2.    Maintain greater than 100% PaO2 and suction/ turn & use (PEEP) positive End expiratory pressure to prevent hypoxemia caused by airway obstruction & pulmonary edema.
3.    Maintain CVP (Central Venous Pressure) at 8 to 10 mm Hg and systolic blood pressure at greater than 90 mm Hg to prevent Hypotension.
4.    Maintain Fluid & Electrolyte balance due to volume depletion
5.    Prevent infections due to invasive procedures.
Religions that have different views regarding organ donations
  1. Russian Orthodox: permits all donations EXCEPT THE HEART.
  2. Jehovah’s Witness: DOES NOT ALLOW organ donation and all organ to be
                                         transplanted must be drained of blood first.
  1. Judaism: They permit organ donation as long as with RABBINICAL CONSULTATION.
  2. Islam: will NOT USE ORGAN STORED IN ORGAN BANKS.

                                                                                                                                                           

                    Do not Resuscitate (DNR)
Factors in giving order of resuscitation:
1. Client’s will and advance directives
2.  Disease Prognosis such as cancer or HIV
3. Client/s ability to cope
4. Whether CPR will be given or not
Reasons for refusing to perform resuscitation
  1. Epidemic or widespread disease or debilitating condition & that CPR is not beneficial
  2. CPR will aggravate or prolong the agony of the client
  3. against cultural & religious suffering
  4. Advance directives & Will
                                                                                                                                               

Voluntary Admission versus Involuntary Admissions

Voluntary Admissions:
Requirements & By Laws
  1. Lawful or of legal age
  2. If the client is too ill, a guardian is possible
  3. Client agrees to accept the treatment
  4. The client is free  to sign him or herself out of the hospital- Has the right to demand & receive RELEASE.

 Involuntary Admissions
                              Requirements & By Laws
  1. Deemed necessary for the following reasons & criteria:
    1. Danger to self & others
    2. need psychiatric or physical care
    3. State laws have been determined legally by the state
  2. The client who is involuntarily admitted does not lose his or her right of informed
       consent.



 Question: What is the meaning of Conditional Release?
-          usually requires outpatient treatment for a specified period of time to determine the
      client’s compliance with medication protocol , ability to meet basic needs and ability
      to reintegrate to community.         
        
                                   Other Laws to be Remembered
Tarasoff Act- if there are manifestations that a patient has some suicidal tendencies, it is the duty on the part of the nurse of a threatened suicide or possible harm or threat to others.
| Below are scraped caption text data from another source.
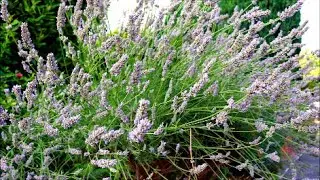 How to Grow Lavender from Last Years Flower Seeds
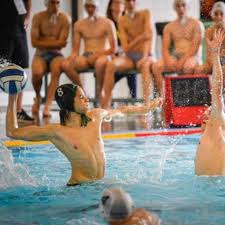 Image result for Basingstoke Bluefins Water Polo Club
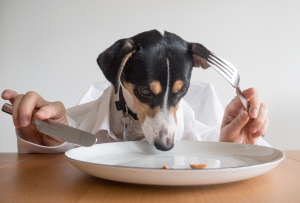 Pet Medication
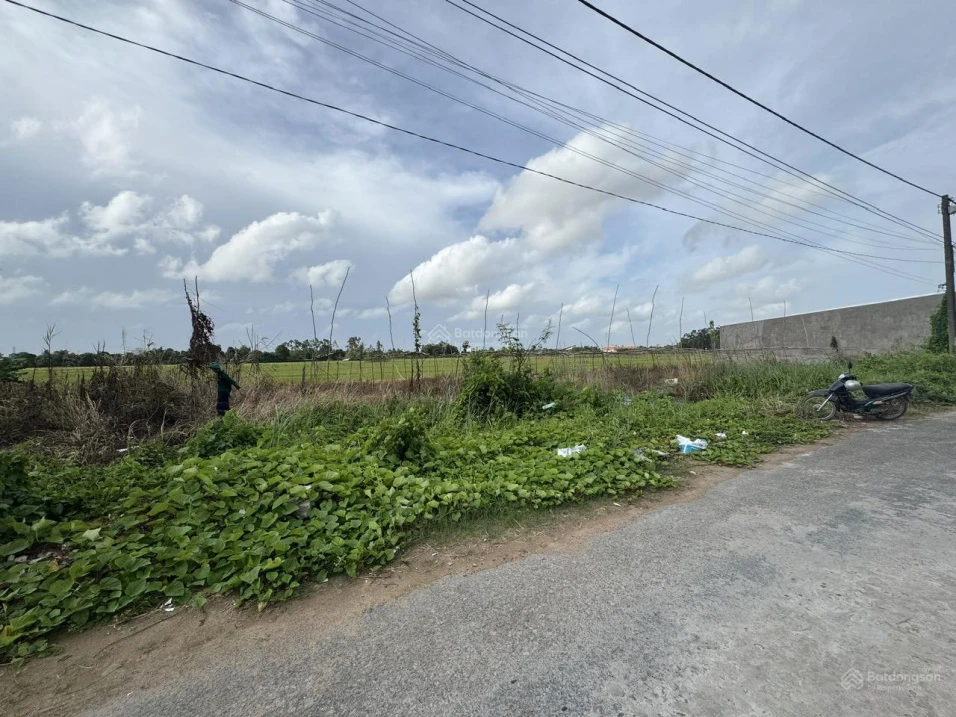 Bán đất tại Phường Mỹ Quý, thành phố Long Xuyên (nay là phường Long Xuyên), tỉnh An Giang. - Ảnh thu nhỏ 3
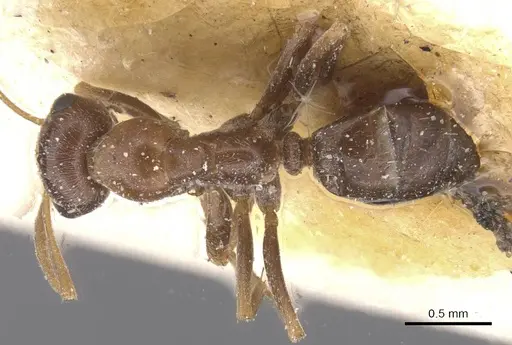 Proformica dolichocephala specimen CASENT0912271 image casent0912271_1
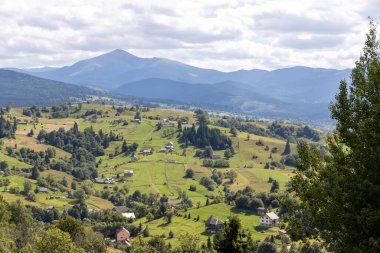 Bir yaz günü Ukrayna Karpatları 'nda dağ panoraması.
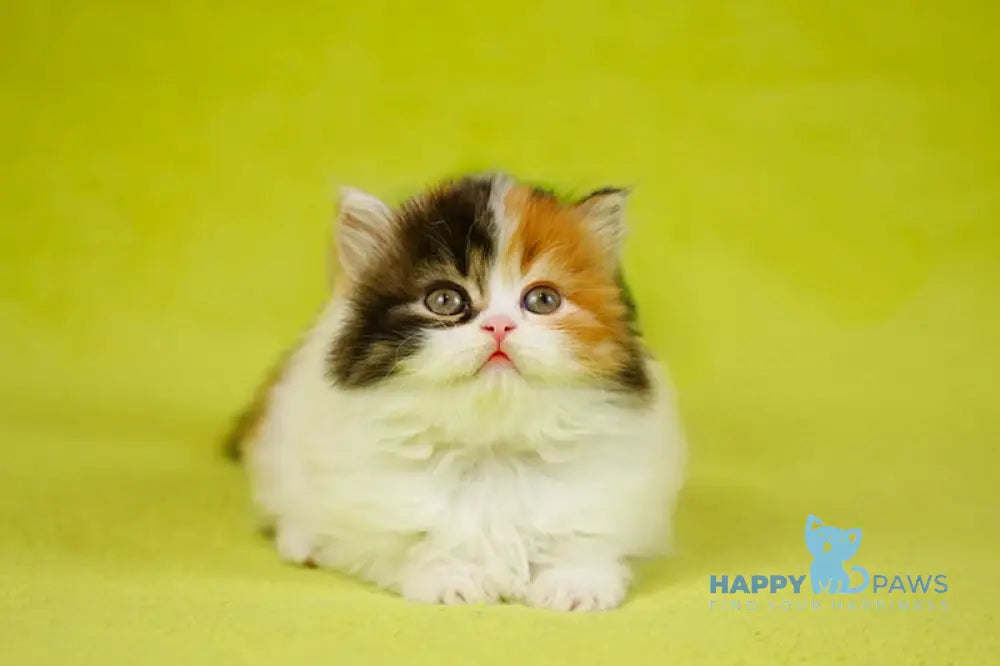 Demi Scottish Straight female black tortie tabby bicolour live animals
There must be the proper dissemination of information to other members of the health care team.

Occupational Safety & Health Act- requires that an employer provide a safe work place for employees according to regulations. Employees can confidentially report UNSAFE WORKING CONDITIONS that violate regulations.  A PERSON WHO DOES NOT REPORT UNSAFE WORKING CONDITIONS CAN BE RETALIATED AGAINST BY THE EMPLOYER.

M’Naghten Rule (1832) - a person is guilty if:
a.    person did not know the nature and quality of the act
b.    Person could not distinguish right from wrong, if the person does not know what she / he is doing or a person does not know it was wrong.

Irresistible Impulse Test (used together with M,Naghten Rule) – person knows right from wrong, but:
a.    Driven by impulse to commit criminal acts regardless of consequences.
b.    Lack premeditation in sudden violent behavior.